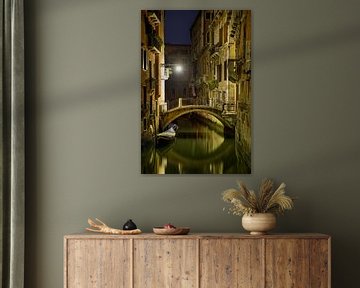 Romantisch steegje in Venetië in de avond. van Voss fotografie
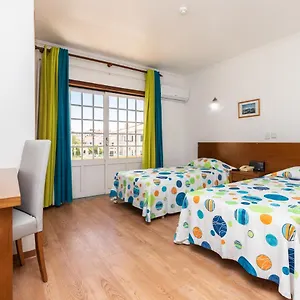 Hotel Azul, Altura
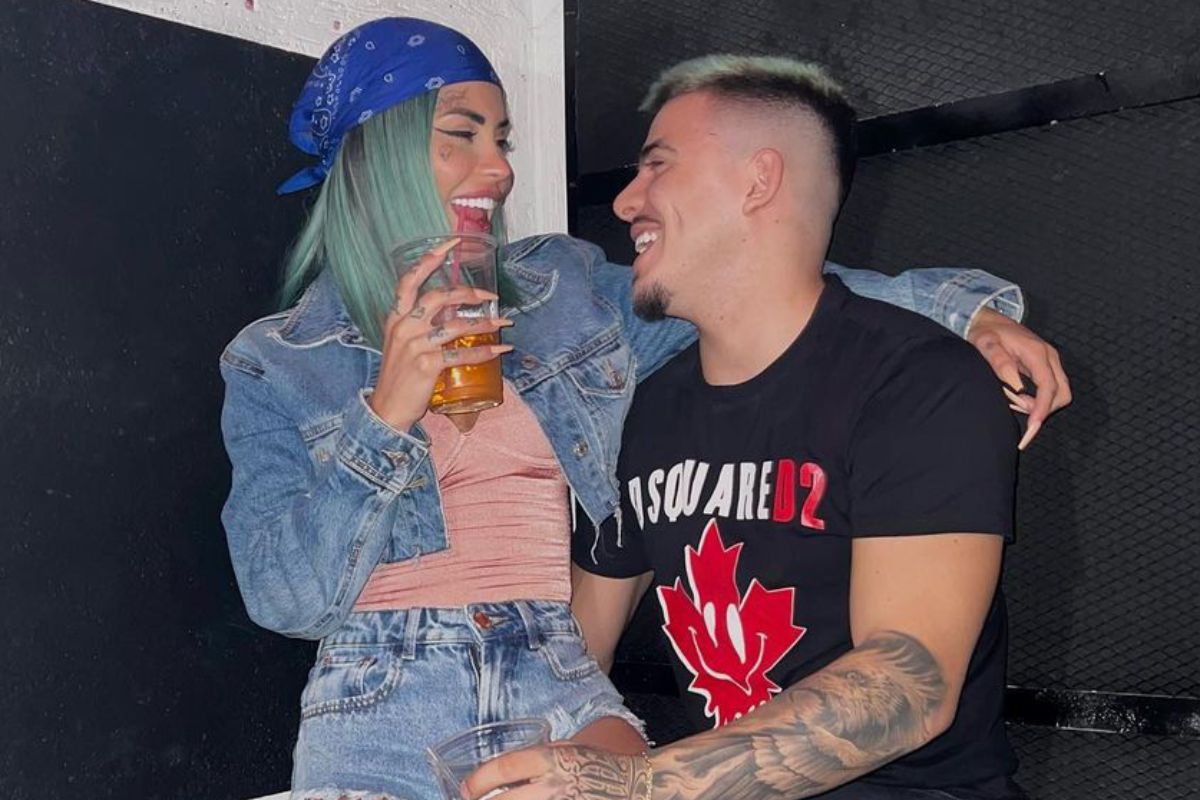 tati zaqui e thomaz costa se olhando apaixonados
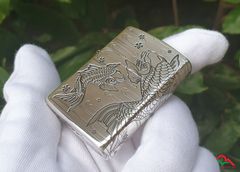 Zippo bạc khắc hình cá chép ZN172
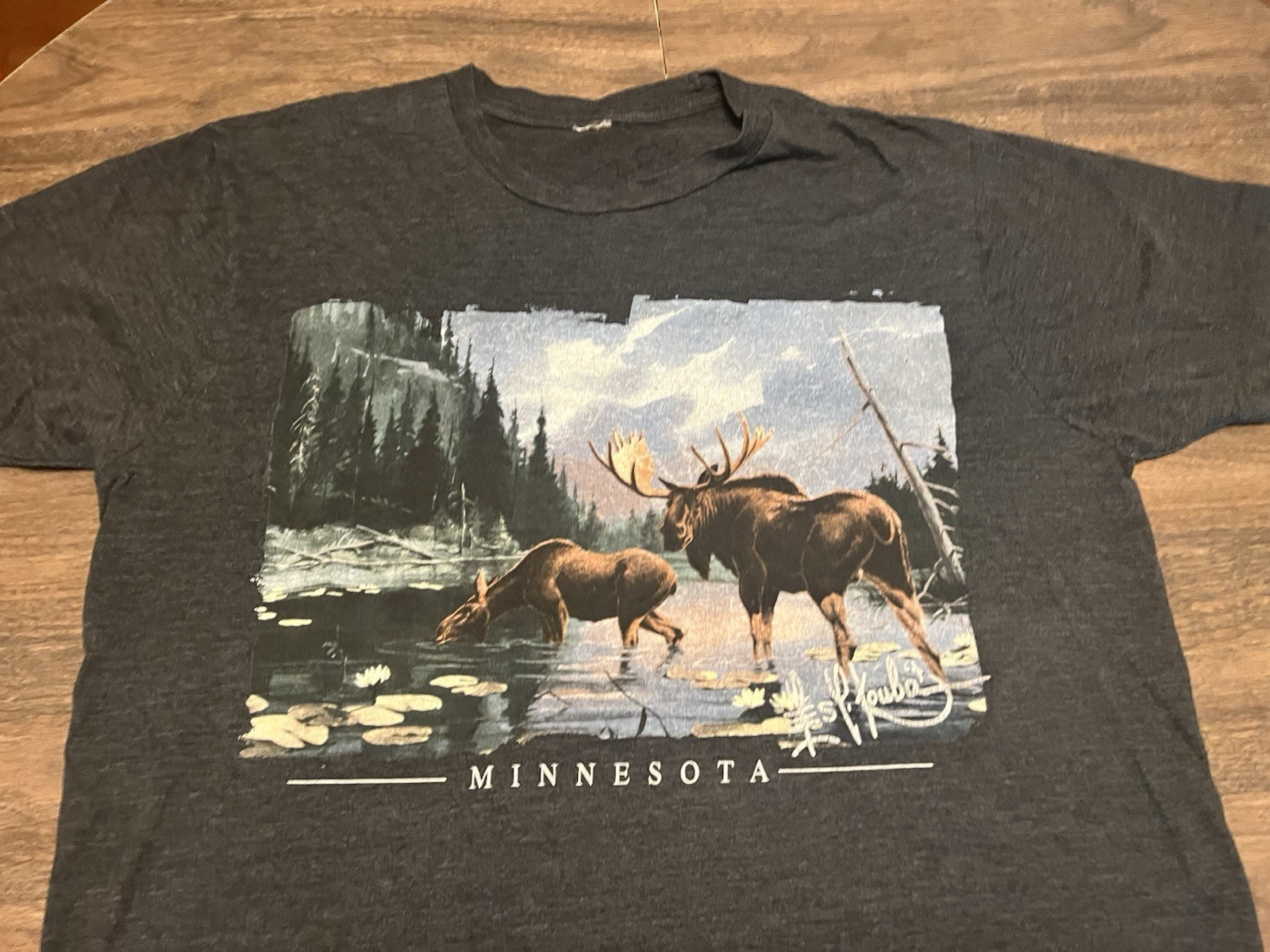 Minnesota Moose Drinking At River Nature Scene Large Gray T Shirt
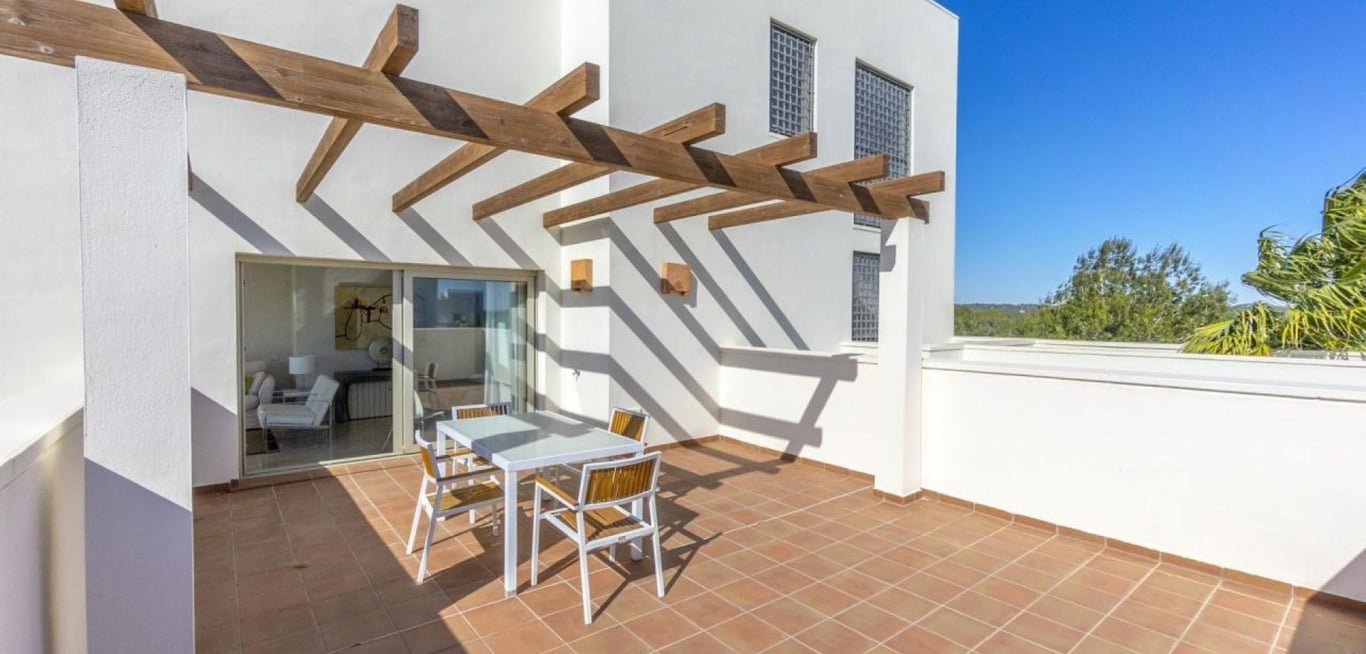 Apartment in Campoamor R-5 - Image 2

==========

## WHAT THE TASK ASKS
With pictures left out, extract the lines from the one containing "Hotel Azul, Altura" to the end of the material above, both included, exactly as written.

## WORKED SOLUTION
 Hotel Azul, Altura
 tati zaqui e thomaz costa se olhando apaixonados
 Zippo bạc khắc hình cá chép ZN172
 Minnesota Moose Drinking At River Nature Scene Large Gray T Shirt
 Apartment in Campoamor R-5 - Image 2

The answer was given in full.